Alors que nous entamons les derniers mois de l’année 2020, je suppose que bon nombre d’entre nous ont souvent eu l’impression de traverser le miroir, comme dans le roman du XIXe siècle de Lewis Carroll, qui raconte des voyages fantastiques et décrit des interactions avec des personnages invraisemblables et inattendus. La plupart des Canadiens n’ont jamais connu de pandémie et ne savaient vraisemblablement pas à quoi s’attendre lorsque les comptes-rendus sur la COVID-19 et sa propagation imminente à l’échelle planétaire ont commencé à circuler.

Notre vie professionnelle et personnelle a été irrémédiablement bouleversée. La pandémie a obligé les associations sans but lucratif, comme la Société canadienne des pharmaciens d’hôpitaux (SCPH), à adapter leurs activités de bureau ainsi que les programmes et les services qu’elles offraient à leurs membres. Le Conseil et les succursales de la SCPH ont réexaminé leurs priorités, mis davantage l’accent sur certaines activités et reporté ou suspendu d’autres à cause des pressions financières exacerbées par la pandémie. Le Journal canadien de la pharmacie hospitalière (JCPH) a été directement touché par des mesures de réduction des coûts. Afin de préserver la grande qualité du Journal et de diminuer les coûts de production, le nombre de numéros du JCPH a été réduit à quatre par an au lieu de six. De plus, le système de soumission du JCPH et son interface de publication sont en cours de migration vers un système plus efficace et plus économique qui permettra de rationaliser le flux de travail. Il offrira en outre aux lecteurs davantage de fonctionnalités.

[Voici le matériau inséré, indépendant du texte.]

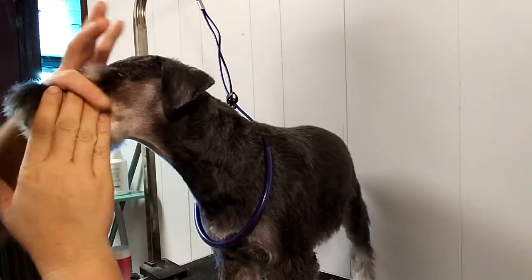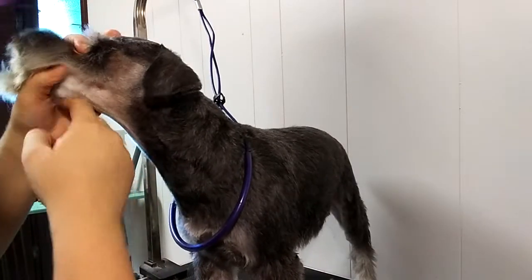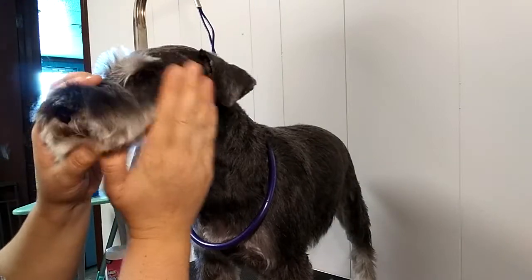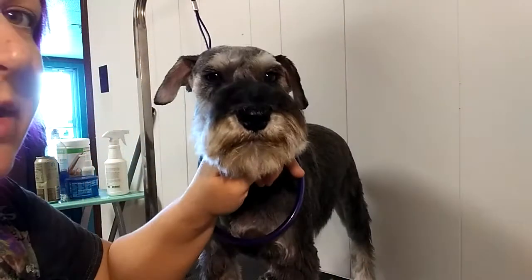So first, shave from the corner of the eye to this whisker nodule, to the whisker nodule down there. Shave that in this direction. Do the eyebrows — he gets short eyebrows.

Au cours de ces derniers mois, j’ai réfléchi aux expériences que j’ai vécues au cours de mon mandat de trois ans en tant que président de la SCPH. J’ai eu l’occasion de rencontrer des acteurs clés de Santé Canada, de l’ANORP, de l’ACEIP, de l’ACSP et d’autres, qui m’ont fait part de points de vue divers sur les enjeux auxquels font face les soins de santé et la pharmacie. En tant que président, j’ai répondu aux questions des médias et d’autres associations, comme on peut s’y attendre, mais leurs thèmes et leur calendrier n’étaient pas toujours prévisibles. Je remercie le personnel du bureau et les collègues de l’équipe présidentielle de leur soutien pendant que je me préparais à ces entrevues. Cependant, je n’ai pas pu anticiper certaines situations, comme le départ à la retraite de Myrella Roy, notre directrice générale de longue date, peu après mon élection à la présidence. Ce fut un privilège de travailler avec elle pendant une partie de mon mandat, mais j’ai dû ensuite diriger le groupe de travail chargé de trouver son successeur. En 2019, le Conseil a vécu des moments passionnants lors du choix de la nouvelle directrice générale, Jody Ciufo, et quant à moi, ce fut un privilège de l’accompagner dans sa prise de contact avec la SCPH et la pharmacie hospitalière en général. Nous avons travaillé main dans la main sur la Stratégie de développement durable pour établir notre feuille de route future en tant qu’association nationale. Nous avons également pris le temps de célébrer le 50e anniversaire de notre Congrès sur la pratique professionnelle et de réfléchir sur le long chemin parcouru par notre profession, en partie grâce au leadership de la SCPH et de ses membres.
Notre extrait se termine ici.